Amazon DocumentDB is designed for 99.99% availability and replicates six copies of your data across three AWS Availability Zones (AZs). DocumentDB availability goal is lower when you have less instances or when it is deployed in less than 3 AZs:

Fig. 1: DocumentDB availability

An Amazon DocumentDB cluster consists of two components:

  • Cluster volume: cluster has exactly one cluster volume, which can store up to 64 TB of data.
  • Instances: provide the processing power for the database, writing data to, and reading data from, the cluster storage volume. An Amazon DocumentDB cluster can have 0–16 instances:
     – Primary instance: supports read and write operations and performs all data modifications to the cluster volume. Each Amazon DocumentDB cluster has one primary instance.
     – Replica instance: supports only read operations. An Amazon DocumentDB cluster can have up to 15 replicas in addition to the primary instance.
Fig. 2: Deployment scenario

If the primary instance fails, an Amazon DocumentDB replica is promoted to the primary instance. There is a brief interruption during which read and write requests made to the primary instance fail with an exception. Amazon estimates this interruption is less than 120 seconds.
You can customise the order in which replicas are promoted to the primary instance after a failure by assigning each replica a priority, note that it is strongly suggested that replicas should be of the same instance class as the primary. It is also really important to create at least one or more Amazon DocumentDB replicas in two or more different Availability Zones, in this way your datastore can survive a zone failure.

Scalability & Replication

By placing replica instances in separate Availability Zones, it is possible to scale reads and increase cluster availability.

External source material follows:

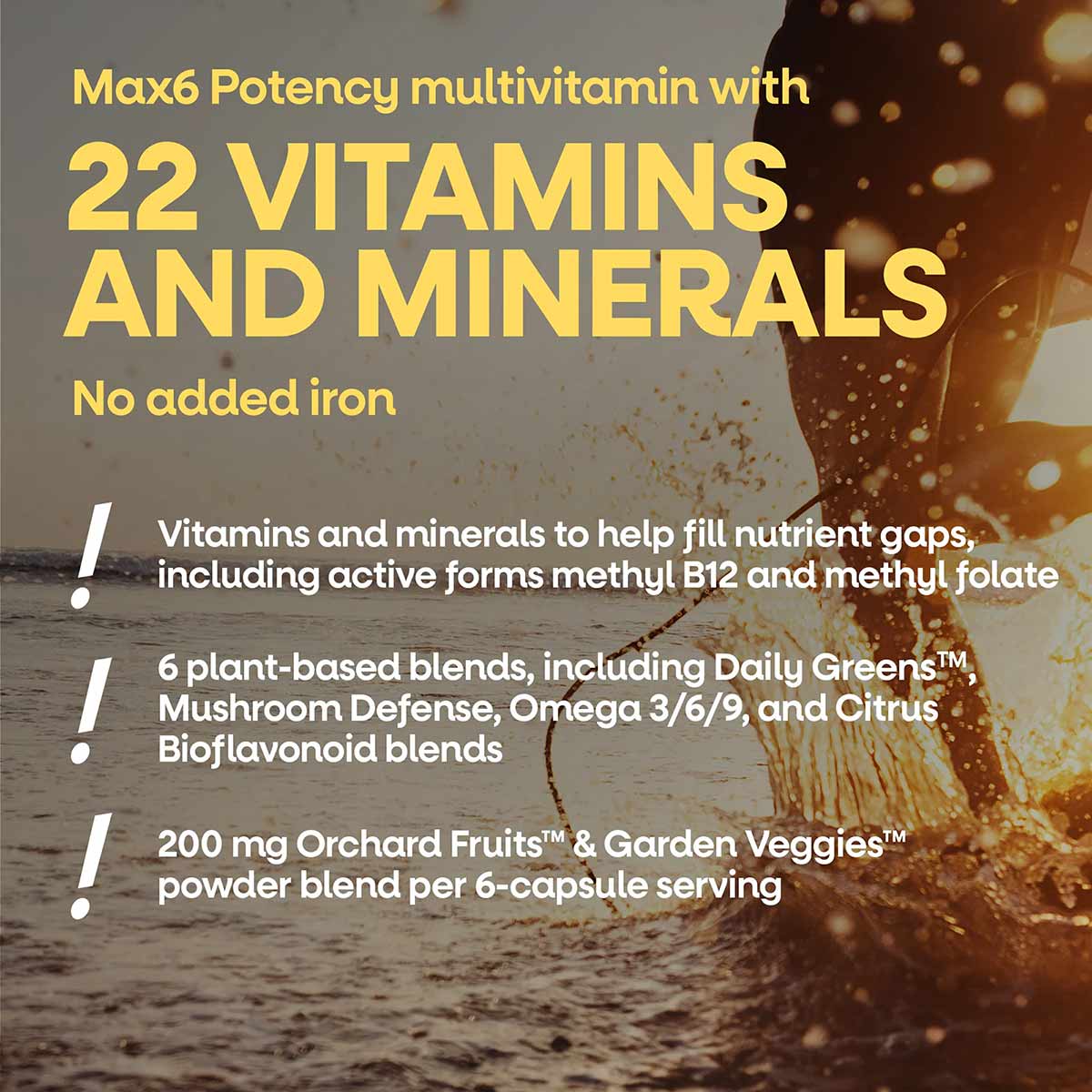 Alive Max6 multivitamin bottle with product information text displayed on packaging, featuring water splash background.
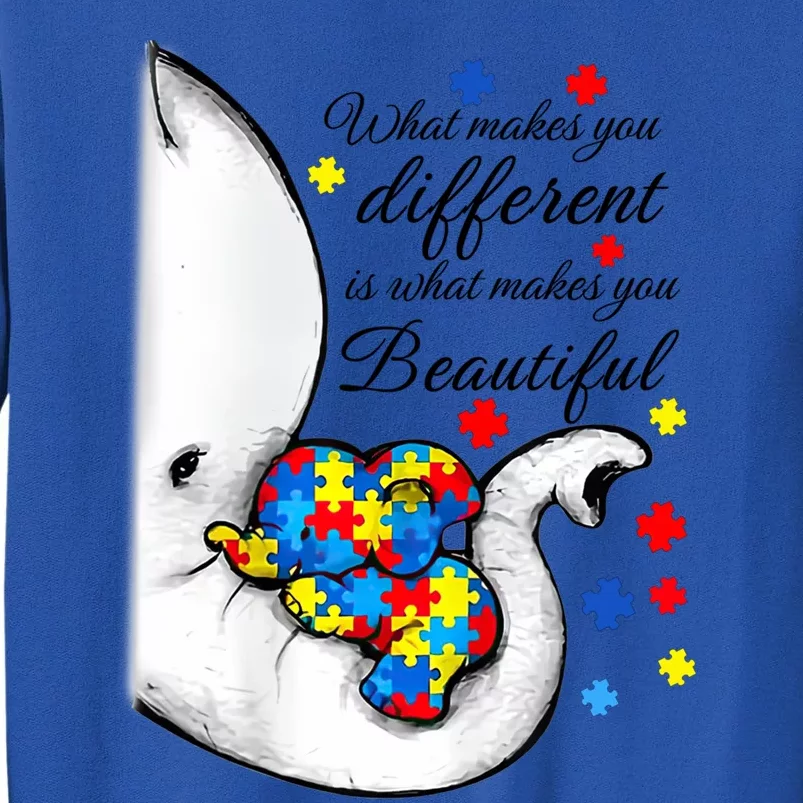 What Makes You Different Elephant Mom Autism Awareness Gift Tall Sweatshirt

Compute and storage scale independently. It is possible to scale reads by deploying additional replicas. Scalability and storage are scalable up-to 64TB. DocumentDB automatically adds 10GB whenever it reaches capacity.

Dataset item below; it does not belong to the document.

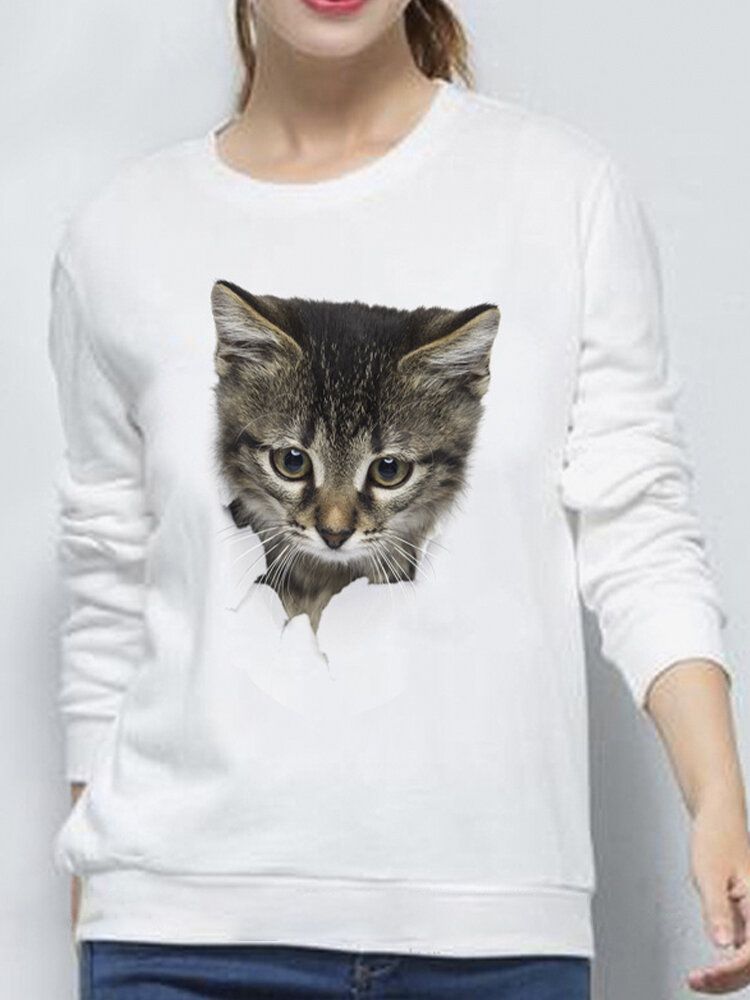 Kvinnor 3d Söt Liten Katt Print Crew Neck Casual Enkel Långärmad Tröja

DocumentDB is also able to automatically fail over to a read replica in the event of a failure–typically in less than 30 seconds. Currently Amazon DocumentDB doesn’t support any kind of multi-region setup.

Amazon DocumentDB does not rely on replicating data to multiple instances to achieve durability, data is durable whether it contains a single instance or 15 instances.
All writes are processed by the primary instance that executes a durable write to the cluster volume. It then replicates the state of that write (not the data) to each active replica. Writes to an Amazon DocumentDB cluster are atomic within a single document.

Consistency

Reads from Amazon DocumentDB replicas are eventually consistent with minimal replica lag (AWS says usually less than 100 milliseconds) after the primary instance writes the data:

  • reads from an Amazon DocumentDB cluster’s primary instance have read-after-write consistency
  • reads from a read replica have eventual consistency

It is possible to modify the read consistency level by specifying the read preference for the request or connection (it supports all MongoDB read preferences):

  • primary: reads are always routed to the primary instance
  • primaryPreferred: routes reads to the primary instance under normal operation, in case of failover a replica is used
  • secondary: reads are only routed to a replica, never the primary instance
  • secondaryPreferred: reads are routed to a read replica when one or more replicas are active. If there are no active replica instances in a cluster, the read request is routed to the primary instance
  • nearest: read preference routes reads based solely on the measured latency between the client and all instances in the Amazon DocumentDB cluster

Operations

It is possible to create an AWS DocumentDB cluster using CloudFormation stack (as described here).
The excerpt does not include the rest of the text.